First, hold yourself accountable. It doesn’t matter where you go to school, if you don’t do the homework and study, you won’t be getting what you are paying for. Nobody-not your teachers, not your parents, not the dean of students-is more responsible for your success or failure more than you are. I suggest doing the math and figuring out how much each classroom hour costs; that alone was motivation enough for me to not skip classes when I was in college (each classroom hour was approximately $167 by my reckoning). Maximize your tuition dollars by taking yourself and your education seriously.
Second, look at your choice of schools. You’ll pay about three to four times as much if you go to an out-of-state public institution than you would if you were a resident, so check out Utah’s colleges and universities for programs and majors that interest you. Also keep in mind that community colleges are excellent places to start off your education, particularly if you plan on transferring from a local community college to one of the state colleges. Most transfer programs are very smooth.

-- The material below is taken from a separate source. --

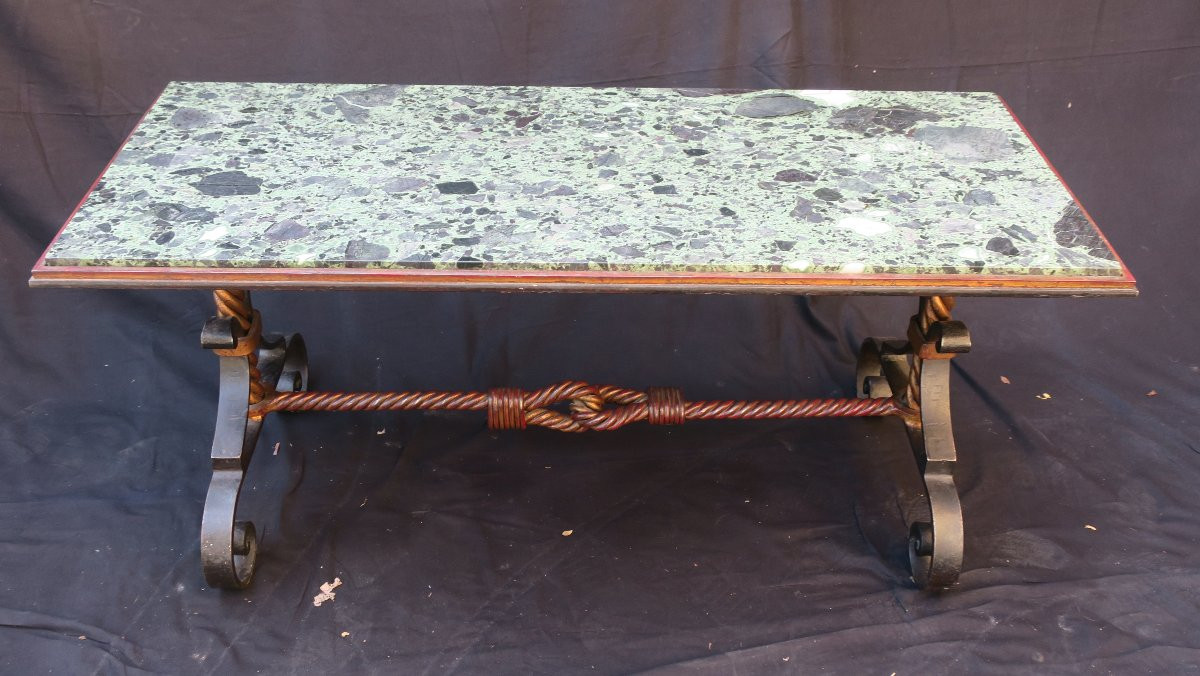 Art Deco Coffee Table-photo-2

Third, be prepared to sacrifice. This could be applicable in many realms of the college experience. I am well aware that sacrifice isn’t a particularly enjoyable or popular lifestyle option, but as someone who ate her share of Ramen noodles during college, I can tell you that the payoff afterwards is worth it. I have not had to eat Ramen noodles out of economic necessity in the 3+ years since I graduated. This comes into play when talking about Cost of Attendance, which factors in things like room and board. If you can save yourself money on the room and board by giving up non-necessities, you’ll ultimately be reducing your overall price tag for college.

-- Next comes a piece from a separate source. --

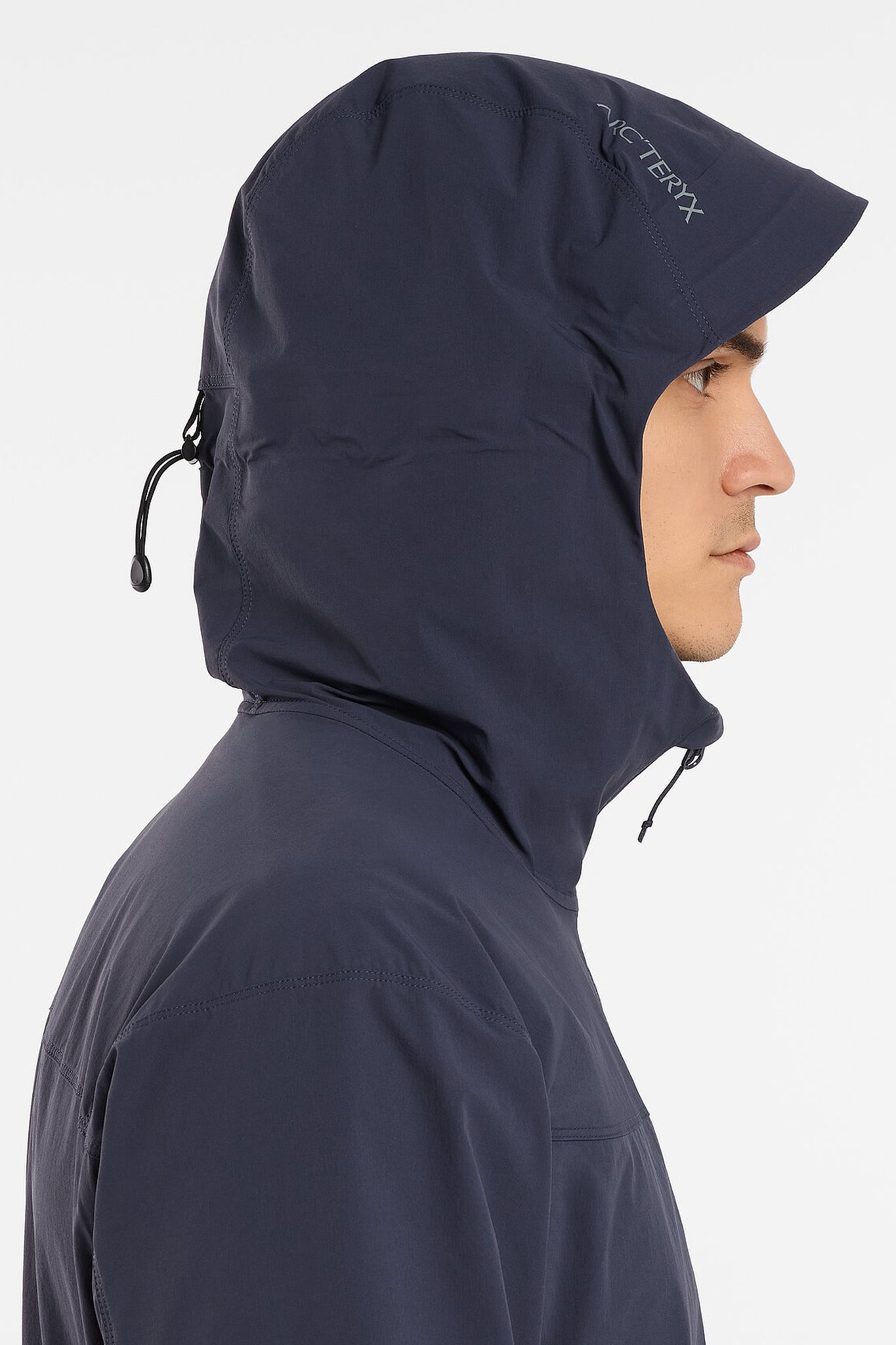 Arc'teryx Men's Gamma Lightweight Hoody in Black Sapphire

Fourth, have a plan. Students who go into college with a definite plan typically graduate more quickly than students who enter higher education without a specific direction. This means that if you have a plan, you’ll most likely save yourself tuition for extra classes or semesters by not switching majors or tracks.
Fifth, challenge yourself BEFORE college. Students who complete a rigorous course of study such as the Utah Scholars program during high school are much more likely to graduate with a four-year college degree than their counterparts. Taking challenging classes in high school better prepares students for the stresses and difficulty level of college work. And realistically, you can only capitalize on your education if you have a credential to show for it, so graduation really is a lynchpin here.
And finally, do the legwork. If you take the time to look for scholarships (try the search on UtahFutures) and apply for grants (start by filling out the FAFSA), you may be able to get some of the price of college paid for you. Keep in mind that many renewable scholarships (the ones that you can use for longer than just one year) are contingent upon having a high GPA and meeting standards such as Satisfactory Academic Progress (SAP).
Be creative! You can find other ways of saving on college. For instance, if you start a savings account while you are young and it accrues interest, that interest is helping you save on your investment. Good luck!